A tool designed to detect viral history in a drop of blood has gotten an upgrade in the age of COVID-19.
VirScan, a technology that can determine which of more than 1,000 different viruses have infected a person, can now also detect evidence of infection from coronaviruses, including SARS-CoV-2.
In a paper published in Science, investigators from Brigham and Women’s Hospital and Harvard Medical School offer up a treasure trove of details about the antibody response to SARS-CoV-2 and how this response may differ in individuals who go on to have a more severe case of COVID-19.
“This may be the deepest serological analysis of any virus in terms of resolution,” said corresponding author Stephen Elledge, Ph.D., the Gregor Mendel Professor of Genetics at the Brigham and HMS.
“We now understand much, much more about the antibodies generated in response to SARS-CoV-2 and how frequently they are made.
The next question is, what do those antibodies do? We need to identify which antibodies have an inhibitory capacity or which, if any, may promote the virus and actually help it enter into immune cells.”

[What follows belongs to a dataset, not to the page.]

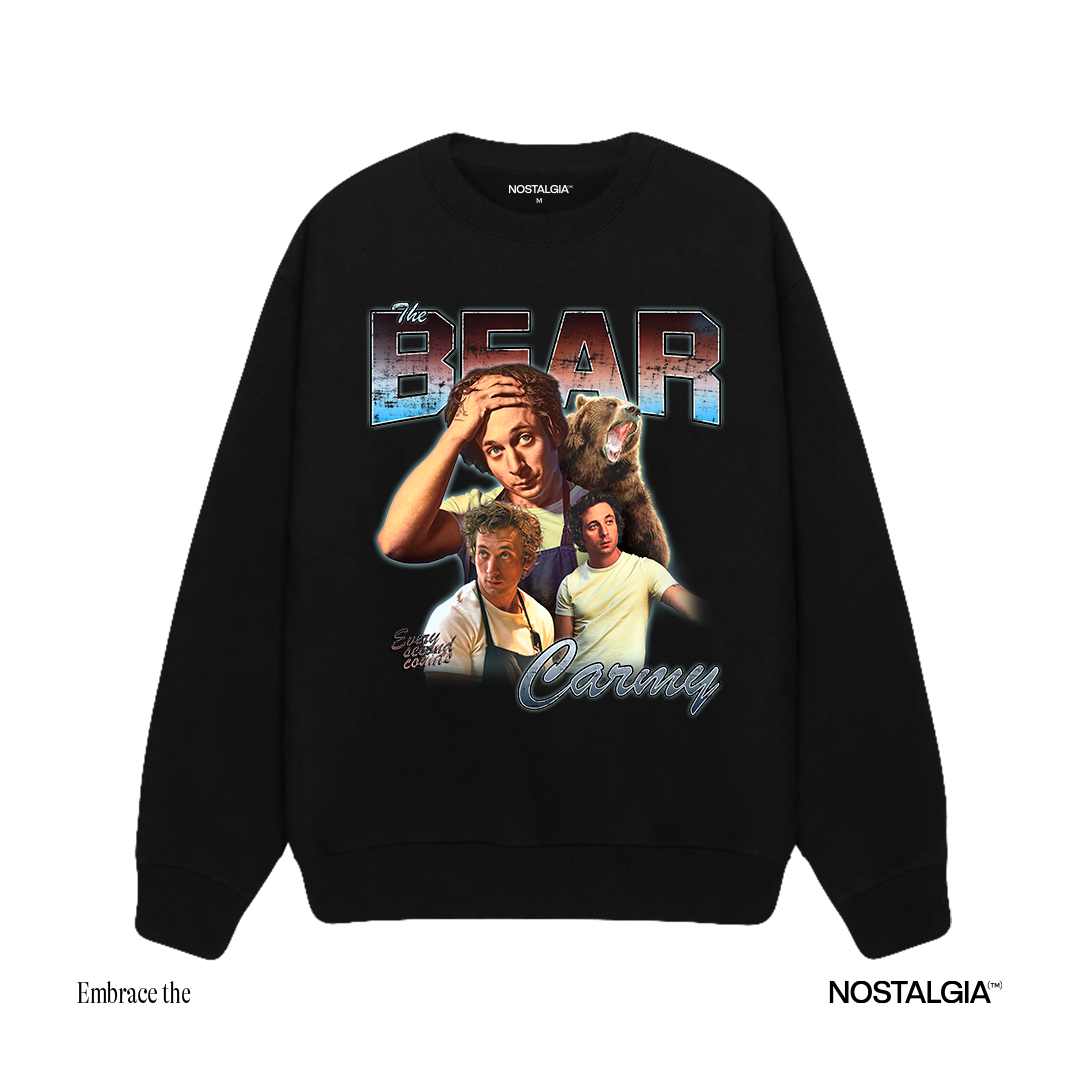 The Bear Crewneck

In their analysis, Elledge and colleagues looked in depth at antibody responses to SARS CoV-2 by using VirScan to analyze blood samples from 232 COVID-19 patients and 190 pre-COVID-19 era controls.
The team identified 800 sites of the virus that the immune system can recognize, known as epitopes.
Not all epitopes are created equal; some may be recognized by neutralizing antibodies, which can elicit a response that eliminates the infection.
However, if the body creates antibodies against other epitopes, it may launch a less effective response, giving the virus an advantage. In some cases, including the related coronavirus that causes SARS, viruses may even be able to benefit from the body’s antibody response, using antibodies to enter cells in a phenomenon known as antibody-dependent enhancement.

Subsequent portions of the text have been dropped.